Task: Write out the stretch of lines below that begins at the line with "Short Sleeve Performance" and ends at the line with "Echo I van Martina", including both, exactly as given and nothing more.

Exercise data:

*** Begin section ***

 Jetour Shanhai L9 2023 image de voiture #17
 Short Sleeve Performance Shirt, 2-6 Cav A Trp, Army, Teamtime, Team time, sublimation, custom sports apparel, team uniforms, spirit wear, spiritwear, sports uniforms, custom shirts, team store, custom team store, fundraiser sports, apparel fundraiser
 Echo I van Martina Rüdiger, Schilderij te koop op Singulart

*** End section ***
*** Begin section ***

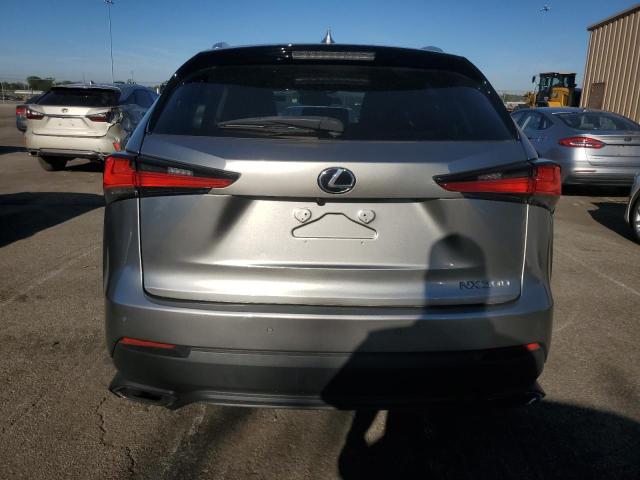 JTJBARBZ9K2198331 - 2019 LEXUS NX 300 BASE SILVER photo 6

*** End section ***
*** Begin section ***

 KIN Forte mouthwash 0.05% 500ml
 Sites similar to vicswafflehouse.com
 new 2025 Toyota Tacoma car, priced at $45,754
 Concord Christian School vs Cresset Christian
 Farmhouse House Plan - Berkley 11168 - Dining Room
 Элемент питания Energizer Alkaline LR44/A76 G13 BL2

*** End section ***

Answer to this task:
 Short Sleeve Performance Shirt, 2-6 Cav A Trp, Army, Teamtime, Team time, sublimation, custom sports apparel, team uniforms, spirit wear, spiritwear, sports uniforms, custom shirts, team store, custom team store, fundraiser sports, apparel fundraiser
 Echo I van Martina Rüdiger, Schilderij te koop op Singulart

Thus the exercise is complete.